(Records excerpted from a collection)
-- Opening Marker --
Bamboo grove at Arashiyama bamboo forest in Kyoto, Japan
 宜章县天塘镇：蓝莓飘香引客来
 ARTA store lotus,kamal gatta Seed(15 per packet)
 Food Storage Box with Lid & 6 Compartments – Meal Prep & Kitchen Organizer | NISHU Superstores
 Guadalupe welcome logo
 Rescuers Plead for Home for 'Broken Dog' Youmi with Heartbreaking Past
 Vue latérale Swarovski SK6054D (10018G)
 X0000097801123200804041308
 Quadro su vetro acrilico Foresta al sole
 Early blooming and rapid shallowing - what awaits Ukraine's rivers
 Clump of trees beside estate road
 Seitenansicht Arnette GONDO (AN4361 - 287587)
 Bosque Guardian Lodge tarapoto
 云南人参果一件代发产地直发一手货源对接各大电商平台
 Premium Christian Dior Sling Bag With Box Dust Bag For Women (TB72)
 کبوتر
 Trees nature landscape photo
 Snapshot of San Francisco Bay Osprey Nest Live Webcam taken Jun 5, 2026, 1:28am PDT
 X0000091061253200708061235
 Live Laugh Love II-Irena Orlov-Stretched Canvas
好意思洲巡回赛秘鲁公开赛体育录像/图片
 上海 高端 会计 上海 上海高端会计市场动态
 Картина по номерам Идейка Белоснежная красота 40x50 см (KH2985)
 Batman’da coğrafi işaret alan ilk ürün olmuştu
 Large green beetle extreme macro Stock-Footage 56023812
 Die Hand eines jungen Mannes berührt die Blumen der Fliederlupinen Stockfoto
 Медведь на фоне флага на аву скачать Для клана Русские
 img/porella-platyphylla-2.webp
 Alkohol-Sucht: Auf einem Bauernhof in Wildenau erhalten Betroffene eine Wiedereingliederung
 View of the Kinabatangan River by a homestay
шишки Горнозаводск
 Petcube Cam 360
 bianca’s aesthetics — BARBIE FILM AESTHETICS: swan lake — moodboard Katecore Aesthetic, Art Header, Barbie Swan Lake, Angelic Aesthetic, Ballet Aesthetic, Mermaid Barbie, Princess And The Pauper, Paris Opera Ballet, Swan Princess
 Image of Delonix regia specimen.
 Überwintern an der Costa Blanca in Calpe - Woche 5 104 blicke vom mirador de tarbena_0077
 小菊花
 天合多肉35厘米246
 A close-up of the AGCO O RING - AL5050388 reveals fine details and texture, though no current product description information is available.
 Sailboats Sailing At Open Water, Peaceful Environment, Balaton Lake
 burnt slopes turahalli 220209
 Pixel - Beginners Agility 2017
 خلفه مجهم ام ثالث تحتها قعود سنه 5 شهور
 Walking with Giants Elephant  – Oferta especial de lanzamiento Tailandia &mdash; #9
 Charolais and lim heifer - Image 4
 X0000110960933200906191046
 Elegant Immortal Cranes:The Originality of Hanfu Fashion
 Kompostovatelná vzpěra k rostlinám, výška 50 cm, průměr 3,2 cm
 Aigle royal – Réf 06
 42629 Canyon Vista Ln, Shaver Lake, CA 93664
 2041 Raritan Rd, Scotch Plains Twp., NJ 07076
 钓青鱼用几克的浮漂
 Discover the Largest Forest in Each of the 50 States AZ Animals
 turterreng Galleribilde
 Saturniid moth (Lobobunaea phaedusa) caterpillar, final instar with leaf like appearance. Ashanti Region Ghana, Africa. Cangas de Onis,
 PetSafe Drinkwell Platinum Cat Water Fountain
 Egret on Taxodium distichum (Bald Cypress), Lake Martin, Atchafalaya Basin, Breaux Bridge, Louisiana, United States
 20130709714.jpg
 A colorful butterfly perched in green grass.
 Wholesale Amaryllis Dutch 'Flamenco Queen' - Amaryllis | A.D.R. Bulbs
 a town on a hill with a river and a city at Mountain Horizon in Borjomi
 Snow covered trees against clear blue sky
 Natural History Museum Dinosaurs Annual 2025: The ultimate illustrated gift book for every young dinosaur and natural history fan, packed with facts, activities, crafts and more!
-- Closing Marker --
◆ **AIM OF THE EXERCISE**
Beginning at the first line above, repeat exactly until the line containing "Image of Delonix regia specimen.", which is included.

◆ **TASK RESULT**
Bamboo grove at Arashiyama bamboo forest in Kyoto, Japan
 宜章县天塘镇：蓝莓飘香引客来
 ARTA store lotus,kamal gatta Seed(15 per packet)
 Food Storage Box with Lid & 6 Compartments – Meal Prep & Kitchen Organizer | NISHU Superstores
 Guadalupe welcome logo
 Rescuers Plead for Home for 'Broken Dog' Youmi with Heartbreaking Past
 Vue latérale Swarovski SK6054D (10018G)
 X0000097801123200804041308
 Quadro su vetro acrilico Foresta al sole
 Early blooming and rapid shallowing - what awaits Ukraine's rivers
 Clump of trees beside estate road
 Seitenansicht Arnette GONDO (AN4361 - 287587)
 Bosque Guardian Lodge tarapoto
 云南人参果一件代发产地直发一手货源对接各大电商平台
 Premium Christian Dior Sling Bag With Box Dust Bag For Women (TB72)
 کبوتر
 Trees nature landscape photo
 Snapshot of San Francisco Bay Osprey Nest Live Webcam taken Jun 5, 2026, 1:28am PDT
 X0000091061253200708061235
 Live Laugh Love II-Irena Orlov-Stretched Canvas
好意思洲巡回赛秘鲁公开赛体育录像/图片
 上海 高端 会计 上海 上海高端会计市场动态
 Картина по номерам Идейка Белоснежная красота 40x50 см (KH2985)
 Batman’da coğrafi işaret alan ilk ürün olmuştu
 Large green beetle extreme macro Stock-Footage 56023812
 Die Hand eines jungen Mannes berührt die Blumen der Fliederlupinen Stockfoto
 Медведь на фоне флага на аву скачать Для клана Русские
 img/porella-platyphylla-2.webp
 Alkohol-Sucht: Auf einem Bauernhof in Wildenau erhalten Betroffene eine Wiedereingliederung
 View of the Kinabatangan River by a homestay
шишки Горнозаводск
 Petcube Cam 360
 bianca’s aesthetics — BARBIE FILM AESTHETICS: swan lake — moodboard Katecore Aesthetic, Art Header, Barbie Swan Lake, Angelic Aesthetic, Ballet Aesthetic, Mermaid Barbie, Princess And The Pauper, Paris Opera Ballet, Swan Princess
 Image of Delonix regia specimen.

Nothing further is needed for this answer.